Bravo Margot, for making me feel every emotion imaginable in such an intensely brief period of time.
I'm a huge Margot Livesey fan. I read all her books and here's what I love about her: she writes about the small cruelties of everyday people in their everyday lives; the little misdemeanors and the larger betrayals, which all add up to make us better or worse people and push us closer or further apart.
Homework is about the struggle between woman and child for the heart of the same man when the woman moves in with the man, who's her boyfriend, and his daughter. How cruel children can be when they feel threatened and how easily adults can revert to childish behavior when they fear losing something they think they want or don't want someone else to have.
I really enjoyed the last two books I read by Livesey, and was hoping for more of the same in "Homework." Unfortunately, I was thoroughly disappointed. I felt the ending scene with the cat was unnecessary; a similar ending could have been achieved without the cat dying.
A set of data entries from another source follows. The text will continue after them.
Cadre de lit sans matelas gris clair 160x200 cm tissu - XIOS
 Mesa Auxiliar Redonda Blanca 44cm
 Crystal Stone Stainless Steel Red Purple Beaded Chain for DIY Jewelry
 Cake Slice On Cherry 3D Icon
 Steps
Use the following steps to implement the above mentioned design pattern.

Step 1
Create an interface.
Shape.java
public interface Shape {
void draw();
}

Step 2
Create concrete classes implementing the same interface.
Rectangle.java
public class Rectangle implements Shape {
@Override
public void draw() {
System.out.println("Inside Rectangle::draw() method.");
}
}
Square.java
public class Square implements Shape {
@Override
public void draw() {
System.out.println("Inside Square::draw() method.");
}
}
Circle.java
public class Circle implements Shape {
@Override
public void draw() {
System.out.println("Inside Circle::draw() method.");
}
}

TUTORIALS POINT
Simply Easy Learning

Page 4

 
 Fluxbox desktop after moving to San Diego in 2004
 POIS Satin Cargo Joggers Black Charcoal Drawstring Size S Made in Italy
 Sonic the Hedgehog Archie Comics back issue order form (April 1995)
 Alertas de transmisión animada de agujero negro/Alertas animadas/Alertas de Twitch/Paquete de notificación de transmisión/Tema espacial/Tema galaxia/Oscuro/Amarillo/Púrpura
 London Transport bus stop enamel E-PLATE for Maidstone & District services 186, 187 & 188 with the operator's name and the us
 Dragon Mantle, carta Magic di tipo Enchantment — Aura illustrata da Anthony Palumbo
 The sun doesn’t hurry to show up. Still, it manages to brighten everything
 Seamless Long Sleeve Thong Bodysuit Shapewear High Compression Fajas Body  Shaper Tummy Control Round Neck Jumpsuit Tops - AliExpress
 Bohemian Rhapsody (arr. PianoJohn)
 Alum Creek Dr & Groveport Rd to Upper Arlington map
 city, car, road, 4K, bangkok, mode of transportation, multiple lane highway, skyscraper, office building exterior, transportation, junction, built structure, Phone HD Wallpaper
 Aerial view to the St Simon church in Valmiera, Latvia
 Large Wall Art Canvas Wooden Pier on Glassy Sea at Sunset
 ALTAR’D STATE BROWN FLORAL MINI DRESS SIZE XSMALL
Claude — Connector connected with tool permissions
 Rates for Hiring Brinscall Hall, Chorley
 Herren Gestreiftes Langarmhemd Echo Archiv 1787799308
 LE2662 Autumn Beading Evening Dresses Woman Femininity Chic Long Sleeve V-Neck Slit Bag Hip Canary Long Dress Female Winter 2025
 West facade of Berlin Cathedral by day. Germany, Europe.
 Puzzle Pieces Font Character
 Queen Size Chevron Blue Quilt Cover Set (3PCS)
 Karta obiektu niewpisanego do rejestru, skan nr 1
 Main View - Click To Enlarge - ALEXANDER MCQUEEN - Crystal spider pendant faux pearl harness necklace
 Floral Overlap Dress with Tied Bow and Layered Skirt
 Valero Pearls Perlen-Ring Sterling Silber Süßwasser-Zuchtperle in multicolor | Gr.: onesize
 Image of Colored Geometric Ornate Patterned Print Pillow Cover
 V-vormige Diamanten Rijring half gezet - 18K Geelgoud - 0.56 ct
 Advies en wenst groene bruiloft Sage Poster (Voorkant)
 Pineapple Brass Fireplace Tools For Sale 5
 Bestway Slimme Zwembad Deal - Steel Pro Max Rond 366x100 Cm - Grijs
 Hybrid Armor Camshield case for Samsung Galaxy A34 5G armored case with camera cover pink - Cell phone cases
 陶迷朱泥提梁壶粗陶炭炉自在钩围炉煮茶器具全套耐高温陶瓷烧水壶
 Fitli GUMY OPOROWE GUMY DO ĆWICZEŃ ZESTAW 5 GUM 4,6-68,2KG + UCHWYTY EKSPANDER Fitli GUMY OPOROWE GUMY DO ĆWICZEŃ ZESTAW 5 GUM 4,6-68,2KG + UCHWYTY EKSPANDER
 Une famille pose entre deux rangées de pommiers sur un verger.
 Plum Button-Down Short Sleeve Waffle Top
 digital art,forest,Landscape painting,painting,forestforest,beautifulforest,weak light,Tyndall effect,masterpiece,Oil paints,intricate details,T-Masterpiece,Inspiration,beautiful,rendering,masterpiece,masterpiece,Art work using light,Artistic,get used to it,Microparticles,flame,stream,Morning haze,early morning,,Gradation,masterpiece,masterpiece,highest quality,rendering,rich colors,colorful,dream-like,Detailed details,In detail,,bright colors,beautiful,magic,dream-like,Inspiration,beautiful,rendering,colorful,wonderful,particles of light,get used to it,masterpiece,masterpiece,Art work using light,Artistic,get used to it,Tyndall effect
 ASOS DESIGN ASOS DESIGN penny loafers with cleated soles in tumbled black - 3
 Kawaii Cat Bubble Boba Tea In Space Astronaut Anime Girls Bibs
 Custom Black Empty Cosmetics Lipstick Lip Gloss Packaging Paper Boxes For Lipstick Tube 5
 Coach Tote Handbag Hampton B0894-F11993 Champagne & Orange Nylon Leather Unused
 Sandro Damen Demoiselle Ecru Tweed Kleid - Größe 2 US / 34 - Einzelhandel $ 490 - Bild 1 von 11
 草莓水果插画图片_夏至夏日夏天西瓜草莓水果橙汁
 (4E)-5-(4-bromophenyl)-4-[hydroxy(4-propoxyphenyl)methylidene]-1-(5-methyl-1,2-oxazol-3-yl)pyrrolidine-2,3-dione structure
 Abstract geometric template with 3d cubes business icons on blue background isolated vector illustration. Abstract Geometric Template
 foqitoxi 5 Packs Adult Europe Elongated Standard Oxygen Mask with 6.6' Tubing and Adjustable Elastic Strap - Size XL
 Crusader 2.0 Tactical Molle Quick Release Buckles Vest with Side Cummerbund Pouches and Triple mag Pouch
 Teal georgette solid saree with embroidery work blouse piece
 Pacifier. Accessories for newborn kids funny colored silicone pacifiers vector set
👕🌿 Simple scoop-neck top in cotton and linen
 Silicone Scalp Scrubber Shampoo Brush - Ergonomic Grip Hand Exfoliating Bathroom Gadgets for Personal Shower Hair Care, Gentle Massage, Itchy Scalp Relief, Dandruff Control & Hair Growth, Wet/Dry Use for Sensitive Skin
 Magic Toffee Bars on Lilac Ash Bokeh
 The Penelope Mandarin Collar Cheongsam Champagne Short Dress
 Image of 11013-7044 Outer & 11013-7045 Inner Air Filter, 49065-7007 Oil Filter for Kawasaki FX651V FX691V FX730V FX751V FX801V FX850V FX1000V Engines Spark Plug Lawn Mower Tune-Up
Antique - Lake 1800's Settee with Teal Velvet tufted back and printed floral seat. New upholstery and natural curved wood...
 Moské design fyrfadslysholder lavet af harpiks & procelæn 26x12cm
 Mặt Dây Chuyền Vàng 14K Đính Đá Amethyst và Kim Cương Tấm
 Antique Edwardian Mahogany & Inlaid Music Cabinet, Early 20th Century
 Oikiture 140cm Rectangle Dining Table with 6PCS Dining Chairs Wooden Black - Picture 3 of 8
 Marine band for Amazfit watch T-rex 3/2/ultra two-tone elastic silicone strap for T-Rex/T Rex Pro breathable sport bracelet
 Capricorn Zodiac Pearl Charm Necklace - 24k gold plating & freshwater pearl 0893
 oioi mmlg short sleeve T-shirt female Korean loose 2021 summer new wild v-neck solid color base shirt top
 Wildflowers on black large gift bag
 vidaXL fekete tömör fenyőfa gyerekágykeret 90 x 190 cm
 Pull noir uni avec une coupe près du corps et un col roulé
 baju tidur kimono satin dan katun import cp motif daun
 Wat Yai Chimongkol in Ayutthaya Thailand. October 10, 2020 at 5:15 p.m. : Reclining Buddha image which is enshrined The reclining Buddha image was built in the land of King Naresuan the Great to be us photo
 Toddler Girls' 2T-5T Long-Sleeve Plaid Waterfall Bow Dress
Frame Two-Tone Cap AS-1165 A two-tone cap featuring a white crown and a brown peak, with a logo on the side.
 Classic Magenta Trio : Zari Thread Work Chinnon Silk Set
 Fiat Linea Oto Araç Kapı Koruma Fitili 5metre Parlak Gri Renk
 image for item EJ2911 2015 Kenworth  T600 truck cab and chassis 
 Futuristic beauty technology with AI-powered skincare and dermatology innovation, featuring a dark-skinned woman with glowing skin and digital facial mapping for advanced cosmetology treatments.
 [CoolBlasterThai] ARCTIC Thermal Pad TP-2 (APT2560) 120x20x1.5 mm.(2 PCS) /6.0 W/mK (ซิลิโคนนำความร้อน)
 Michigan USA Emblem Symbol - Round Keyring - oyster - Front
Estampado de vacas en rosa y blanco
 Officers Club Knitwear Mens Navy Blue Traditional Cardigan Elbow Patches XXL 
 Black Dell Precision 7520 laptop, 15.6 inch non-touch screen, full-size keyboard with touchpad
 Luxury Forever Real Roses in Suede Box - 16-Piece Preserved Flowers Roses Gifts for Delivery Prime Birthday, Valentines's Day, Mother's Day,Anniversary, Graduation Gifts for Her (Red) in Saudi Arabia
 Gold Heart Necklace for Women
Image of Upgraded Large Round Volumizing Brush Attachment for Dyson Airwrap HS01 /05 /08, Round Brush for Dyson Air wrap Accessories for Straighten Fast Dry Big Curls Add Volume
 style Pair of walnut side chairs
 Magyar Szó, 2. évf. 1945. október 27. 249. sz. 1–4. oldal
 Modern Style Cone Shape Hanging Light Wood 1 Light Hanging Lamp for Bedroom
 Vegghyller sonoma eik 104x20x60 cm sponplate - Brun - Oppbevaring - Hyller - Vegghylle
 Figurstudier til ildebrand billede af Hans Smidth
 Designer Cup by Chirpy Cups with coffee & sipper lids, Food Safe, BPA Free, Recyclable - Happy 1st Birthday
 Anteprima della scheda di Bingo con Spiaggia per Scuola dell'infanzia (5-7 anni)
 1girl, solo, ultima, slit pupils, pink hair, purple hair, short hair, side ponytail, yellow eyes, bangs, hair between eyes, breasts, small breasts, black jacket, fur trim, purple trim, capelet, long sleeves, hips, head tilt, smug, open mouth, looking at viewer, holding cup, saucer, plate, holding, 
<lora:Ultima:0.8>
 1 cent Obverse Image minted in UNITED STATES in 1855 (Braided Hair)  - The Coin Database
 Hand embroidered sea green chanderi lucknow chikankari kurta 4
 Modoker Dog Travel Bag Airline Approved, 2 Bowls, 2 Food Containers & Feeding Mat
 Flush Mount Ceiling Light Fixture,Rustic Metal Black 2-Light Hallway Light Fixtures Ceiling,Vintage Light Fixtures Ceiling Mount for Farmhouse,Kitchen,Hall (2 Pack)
And, although I love minutiae, there was simply too much in this book and I found myself skipping whole sections. I think this was one of Livesey's first books, and her books have certainly improved.
This entire review has been hidden because of spoilers.
I wanted to love this book because at times I really thought it was good and it could only get better. Then saddy it went in the opposite direction! This story was all over the place. There was NO ending! I feel frustrated and that is how I felt most of the time while reading this! It was UNSATISFYING! I feel I have waisted my time!
I think this was supposed to be a suspenseful novel that makes the reader wonder what is really happening, but it felt to me like the story was basically "Woman rushes into a relationship with a man she can't communicate with." I felt angry at all the characters except the little girl, even though she was the only one actively hurting someone.
I think I understand what it's like to be a young woman unsure of herself and her relationship with a man better than I ever did before after reading this book. The child seems to me to be just a device to bring out the character of the woman who has moved in with her father. So, I am less concerned with what the child's motives may be than some of the other commenters.
The Bad Seed revisited, but less the horror of Satan and more the horror of failed human beings. You leave the book feeling sorry for the "bad seed" and everyone else--least sympathetic to the benighted father.
I'm giving this book 3 stars only because it kept me wanting to turn the pages. Ultimately it is disappointing ending and I came to hate the main character as most unsympathetic narrator. This book was like a so bad it's good Lifetime movie.
this book proves just how manipulative children can be! what a little brat but the story was slowww to get anywhere. page 60 before she even meets Stephen. I kept at it cuz the story was building to something and it did but let down.